Het hof heeft begrip voor het belang van de ouders dat de onderzoeksresultaten spoedig bekend dienen te zijn, gelet op hun rechten als bepaald in de artikelen 7 IVRK en 1:247 BW. Nu de onderzoeksresultaten rond de herfstvakantie van 2018 – derhalve op korte termijn – worden verwacht, leidt dit echter niet tot een ander oordeel.
Sinds zijn uithuisplaatsing blijkt dat [de minderjarige] vooralsnog geen symptomen heeft van een (ernstige) darmafwijking en dat hij normale voeding goed verdraagt. Voorts is hij ontvankelijk voor nieuwe vaardigheden en laat hij op verschillende gebieden vooruitgang zien.

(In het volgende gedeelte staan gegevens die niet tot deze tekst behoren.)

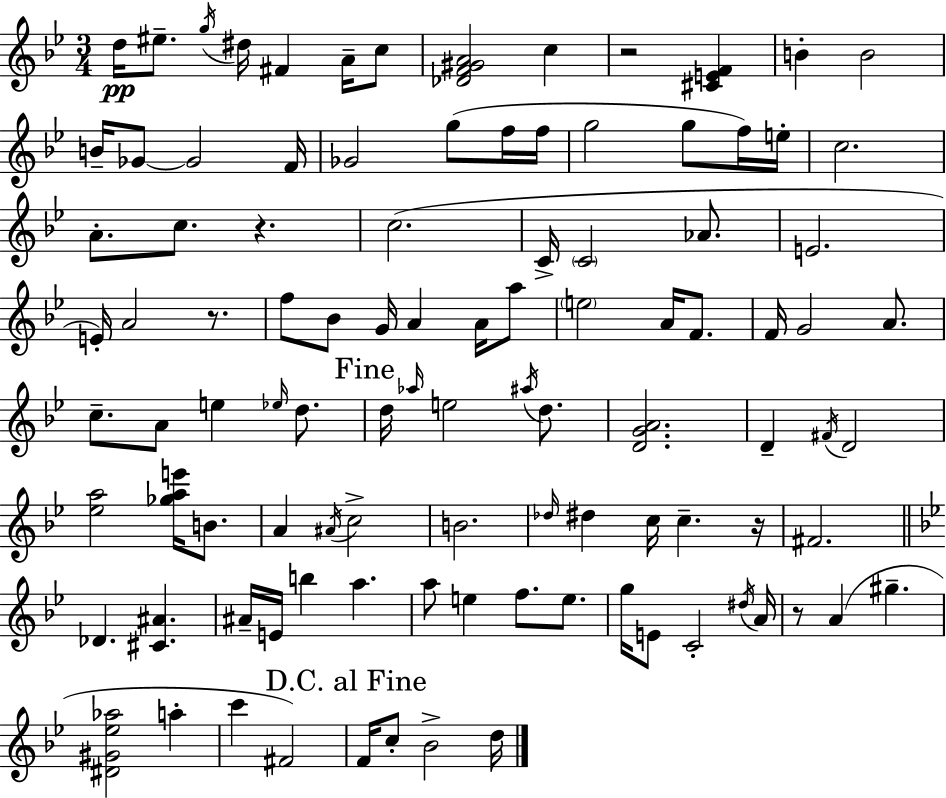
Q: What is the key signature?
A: BES major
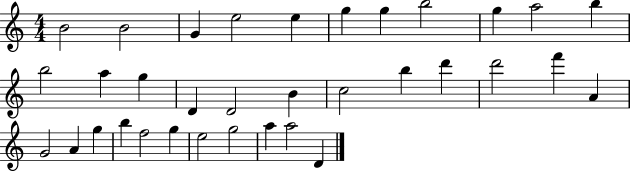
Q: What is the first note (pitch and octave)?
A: B4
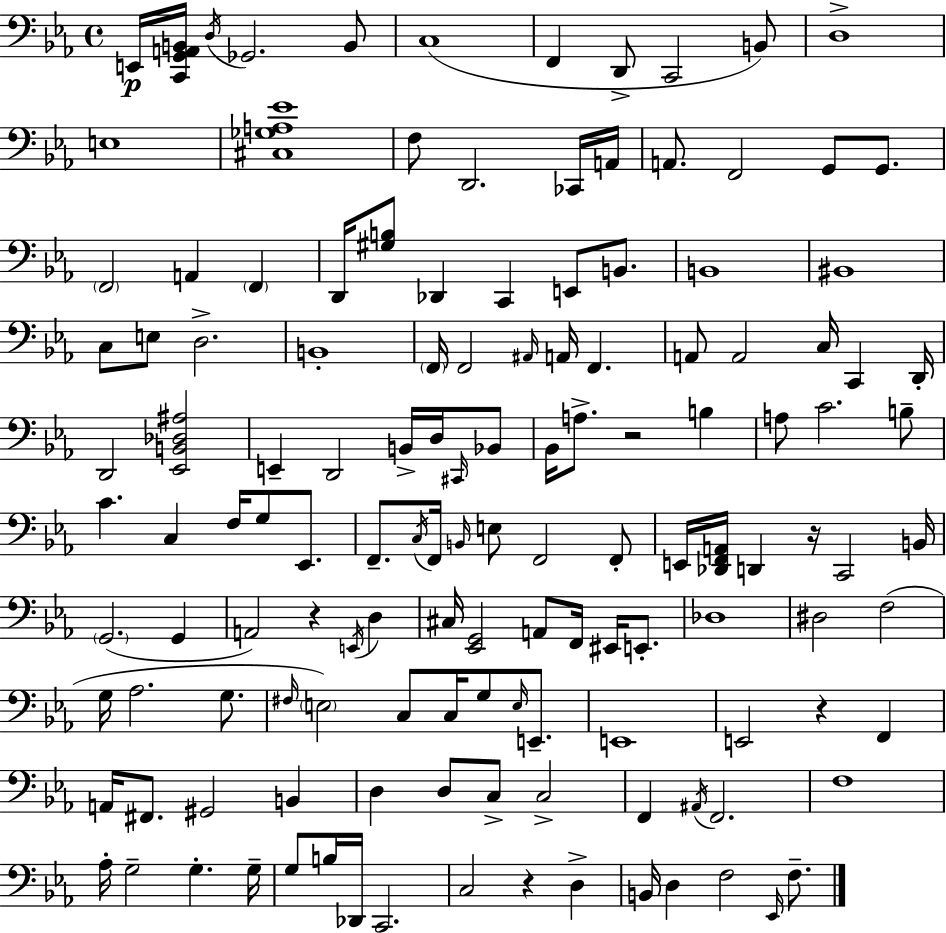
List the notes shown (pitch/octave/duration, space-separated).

E2/s [C2,G2,A2,B2]/s D3/s Gb2/h. B2/e C3/w F2/q D2/e C2/h B2/e D3/w E3/w [C#3,Gb3,A3,Eb4]/w F3/e D2/h. CES2/s A2/s A2/e. F2/h G2/e G2/e. F2/h A2/q F2/q D2/s [G#3,B3]/e Db2/q C2/q E2/e B2/e. B2/w BIS2/w C3/e E3/e D3/h. B2/w F2/s F2/h A#2/s A2/s F2/q. A2/e A2/h C3/s C2/q D2/s D2/h [Eb2,B2,Db3,A#3]/h E2/q D2/h B2/s D3/s C#2/s Bb2/e Bb2/s A3/e. R/h B3/q A3/e C4/h. B3/e C4/q. C3/q F3/s G3/e Eb2/e. F2/e. C3/s F2/s B2/s E3/e F2/h F2/e E2/s [Db2,F2,A2]/s D2/q R/s C2/h B2/s G2/h. G2/q A2/h R/q E2/s D3/q C#3/s [Eb2,G2]/h A2/e F2/s EIS2/s E2/e. Db3/w D#3/h F3/h G3/s Ab3/h. G3/e. F#3/s E3/h C3/e C3/s G3/e E3/s E2/e. E2/w E2/h R/q F2/q A2/s F#2/e. G#2/h B2/q D3/q D3/e C3/e C3/h F2/q A#2/s F2/h. F3/w Ab3/s G3/h G3/q. G3/s G3/e B3/s Db2/s C2/h. C3/h R/q D3/q B2/s D3/q F3/h Eb2/s F3/e.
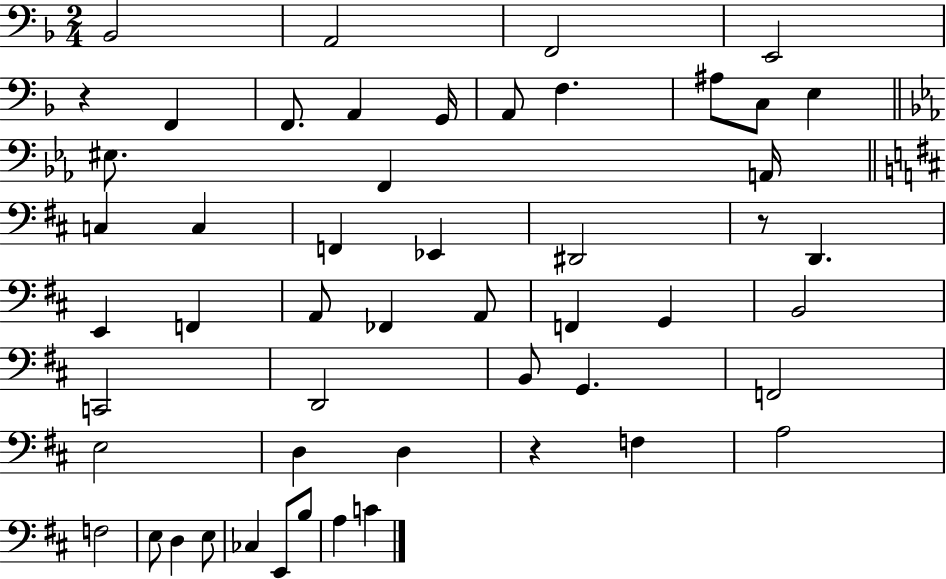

Dit alles leidt ertoe dat de bestreden beschikking met zaaknummer C/15/271446 / JU RK 18-447 zal worden bekrachtigd. Een bekorting in duur van de machtiging tot uithuisplaatsing, zoals door de ouders is verzocht, is naar het oordeel van het hof gelet op al het voren overwogene niet aan de orde.
5.12
Ten aanzien van het verzoek op grond van artikel 1:265e BW, was naar het oordeel van het hof de gedeeltelijke gezagsuitoefening door de GI met betrekking tot het geven van toestemming voor een medische behandeling (in verband met de uitoefening van de ondertoezichtstelling) ten tijde van de bestreden beschikking noodzakelijk en is dit ook thans nog het geval. Zoals blijkt uit het hiervoor onder 5.10 overwogene dienden na de uithuisplaatsing van [de minderjarige] verschillende medische beslissingen genomen te worden, waaronder de normalisering van zijn dieet, waarvoor de ouders aanvankelijk geen toestemming wilden geven. Dit heeft ertoe geleid dat de medische behandeling van [de minderjarige] destijds vertraagd is, hetgeen niet in zijn belang was. Ook in de nabije toekomst is te voorzien dat verschillende medische beslissingen genomen dienen te worden naar aanleiding van de uitkomsten van de verschillende onderzoeken die op korte termijn worden verwacht. Nu de ouders recentelijk eerst over de door de GI aan hen gedane verzoeken tot onderzoek naar coeliakie en een DNA test bij [de minderjarige] wilden nadenken en eerst hun eigen arts daarover wilden raadplegen, terwijl deze onderzoeken door de (kinder)arts van [de minderjarige] werden aanbevolen, valt niet te verwachten dat de ouders thans spoedig aan medische beslissingen zullen meewerken – terwijl dit wel in het belang van [de minderjarige] is, gezien zijn ernstige problematiek. Gelet op het voorgaande kan niet worden volstaan met een minder ingrijpende beslissing. Dit leidt ertoe dat ook de bestreden beschikking met zaaknummer C/15/271448 / JU RK 18-448 zal worden bekrachtigd.
5.13
Dit alles leidt tot de volgende beslissing.

6.De beslissing

Het hof:
bekrachtigt de beschikking waarvan beroep met zaaknummer C/15/271446 / JU RK 18-447;
bekrachtigt de beschikking waarvan beroep met zaaknummer C/15/271448 / JU RK 18-448;
wijst af het in hoger beroep meer of anders verzochte.
Deze beschikking is gegeven door mr. A.N. van de Beek, mr. C.E. Buitendijk en
mr. M. Perfors, in tegenwoordigheid van mr. D.M. Jansen als griffier en is op 30 oktober 2018 in het openbaar uitgesproken door mr. A.R. Sturhoofd.